RDC : la C64 maintient le 15 août comme date butoir et menace de reprogrammer sa marche faute de réponses concrètes

La Coalition Article 64 (C64) hausse le ton. Dans un communiqué publié ce samedi 8 août 2026 à Kinshasa, la plateforme de l’opposition condamne les actes de violence et d’intimidation visant plusieurs de ses membres et réaffirme le maintien du 15 août comme échéance pour la suite de ses actions.La tension reste vive au sein de la Coalition Article 64 (C64).

Dans son nouveau communiqué daté du 8 août 2026, la plateforme regroupant notamment l’ECiDé de Martin Fayulu, Ensemble de Moïse Katumbi, LGD d’Augustin Matata, ainsi que d’autres forces politiques de l’opposition, dénonce une série d’attaques contre ses membres et maintient la pression sur les autorités.
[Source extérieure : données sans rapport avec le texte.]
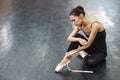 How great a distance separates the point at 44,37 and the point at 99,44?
3.76 ft

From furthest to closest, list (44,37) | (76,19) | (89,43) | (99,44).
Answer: (44,37)
(99,44)
(89,43)
(76,19)

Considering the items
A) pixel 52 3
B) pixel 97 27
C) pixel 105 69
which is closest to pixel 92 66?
pixel 105 69

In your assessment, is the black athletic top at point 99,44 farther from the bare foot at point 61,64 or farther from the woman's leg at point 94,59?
the bare foot at point 61,64

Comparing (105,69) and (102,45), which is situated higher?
(102,45)

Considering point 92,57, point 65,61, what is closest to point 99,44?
point 92,57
La C64 condamne « avec la plus grande fermeté » les attaques perpétrées contre des membres du MRC, du LGD et d’Ensemble au Camp Luka, à l’occasion d’une réunion politique tenue le 6 août, ainsi que celles dirigées contre le siège de l’ECiDé le 7 août.Pour cette coalition, ces actes constituent des violences et des formes d’intimidation contre les acteurs politiques de l’opposition, qu’elle juge incompatibles avec les principes de l’État de droit, du pluralisme politique et de l’exercice des libertés publiques garantis par la Constitution.

Le 15 août reste la date butoir

La C64 réaffirme par ailleurs les positions déjà exprimées dans ses précédents communiqués des 20 et 29 juillet 2026.Elle insiste notamment sur le fait que l’échéance du 15 août demeure inchangée. Selon la coalition, à l’expiration de ce délai, et en l’absence de réponses concrètes à ses exigences, elle procédera à la reprogrammation de sa marche.

« La date butoir du 15 août est maintenue pour la suite des actions », précise le communiqué.Cette position traduit la volonté de la coalition de poursuivre sa mobilisation autour de la défense de ce qu’elle présente comme l’ordre constitutionnel, alors que le débat politique demeure particulièrement tendu en République démocratique du Congo.

Minaku et Shadary : la C64 exige un procès équitableLa coalition réagit également au transfert annoncé de Aubin Minaku et Emmanuel Ramazani Shadary, deux hauts responsables du PPRD, vers un lieu de détention connu après plus de 200 jours de détention dans les locaux des services de sécurité.La C64 prend acte de ce transfert, mais exige que les deux responsables soient désormais présentés devant leur juge naturel et bénéficient d’un procès équitable, dans le strict respect des droits fondamentaux garantis à tous les citoyens.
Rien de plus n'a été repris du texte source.